Fuori l'alba cominciava a colorare di rosa il cielo e le cime degli alberi, e lui si era inoltrato lungo un sentiero ben tracciato che aveva notato fin dalla sera prima e che conduceva a un boschetto poco più in alto. Si sentiva forte, libero, pieno di vigore: i polmoni si gonfiavano di aria fresca e pura e lui si sentiva un giovane leone! Aveva gironzolato puntando il viso in alto, a scrutare il sole che a fatica si faceva largo tra rami e foglie, osservando fiori e piante a lui poco noti, ascoltando i trilli e gli squittii delle vite che animavano gli alberi. Dopo un'oretta si era deciso a rientrare, spinto anche da un appetito sempre più intenso, e aveva fatto dietro front.
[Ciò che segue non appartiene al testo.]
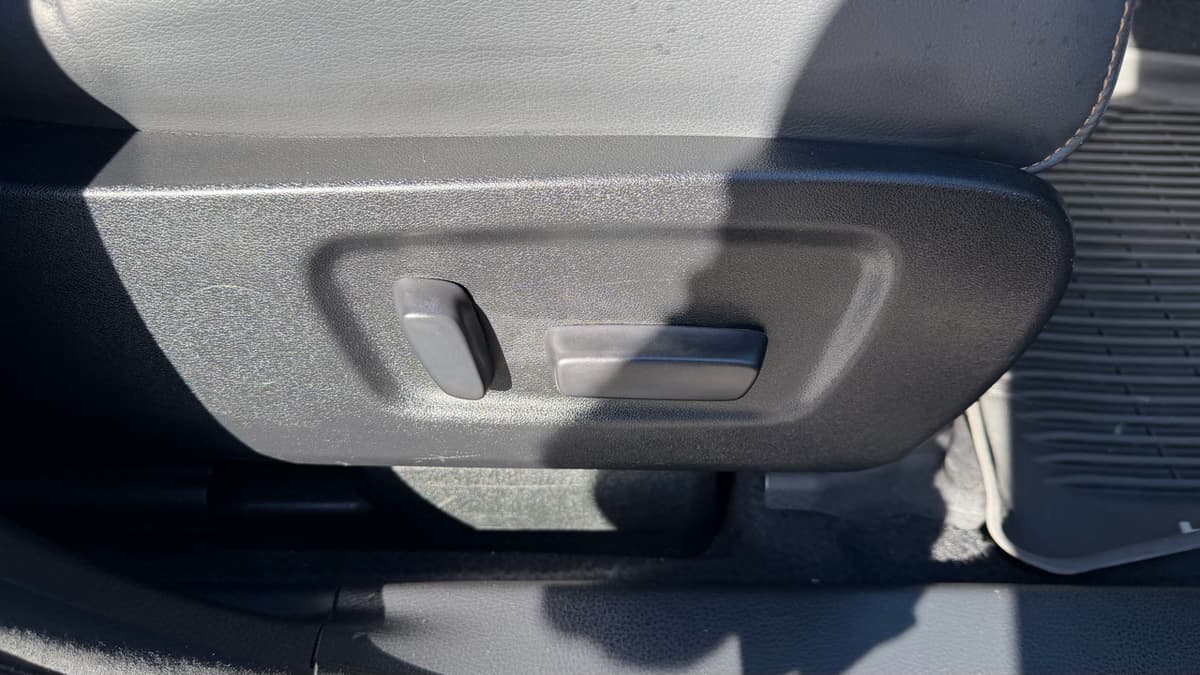 2017 Toyota Highlander - Image 14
Ma, stranamente, non ha ancora raggiunto il rifugio e non riesce a orientarsi.
Mentre percorre il sentiero imboccato Silvano cerca di far caso ai dettagli di questo paesaggio sempre diverso e sempre uguale a se stesso. Cerca punti di riferimento, particolari che magari ha casualmente notato all'andata, ma niente.



Tra le fronde degli alberi gli uccelli si lanciano richiami entusiasti, ancora eccitati dal nascere del nuovo giorno. Poco più in là si sente il gorgoglio vivace di un ruscello, e a quel suono Silvano si rende conto della sete che gli brucia la gola. È un rivolo di acqua fresca e chiara, trasparente e pura come solo l'acqua di un ruscello di alta montagna può essere e, chino su di essa, si disseta avidamente. Ma l'acqua gelata gli risveglia lo stomaco, che ora comincia a pretendere qualcosa di più consistente. Silvano pensa a sua moglie, che probabilmente se ne sta seduta comoda al tavolo con gli altri ospiti della baita a consumare una ricca colazione montana: latte fresco, formaggio di casera, pane fatto in casa, crostata casalinga, caffè in bricco... L'acquolina lo tormenta e Silvano comincia a guardarsi attorno alla ricerca di qualcosa da mangiare. Trova alcune fragoline dall'intenso sapore ma dall'entità minima. Fruga e rifruga, ma non trova altro. Frustrato e furioso riparte alla ricerca del sentiero preso questa mattina. Non può essersi spostato di molto, in fondo ha camminato a passo lento per un'oretta scarsa, e poi è tornato semplicemente sui suoi passi! Si saranno pur accorti della sua mancanza, sua moglie avrà pur fatto qualcosa! Per la prima volta dopo anni pensa a quella donna, e alle ansie con cui di solito lo asfissia, con un moto di affettuosa devozione. Sicuramente avrà messo in moto l'intera baita.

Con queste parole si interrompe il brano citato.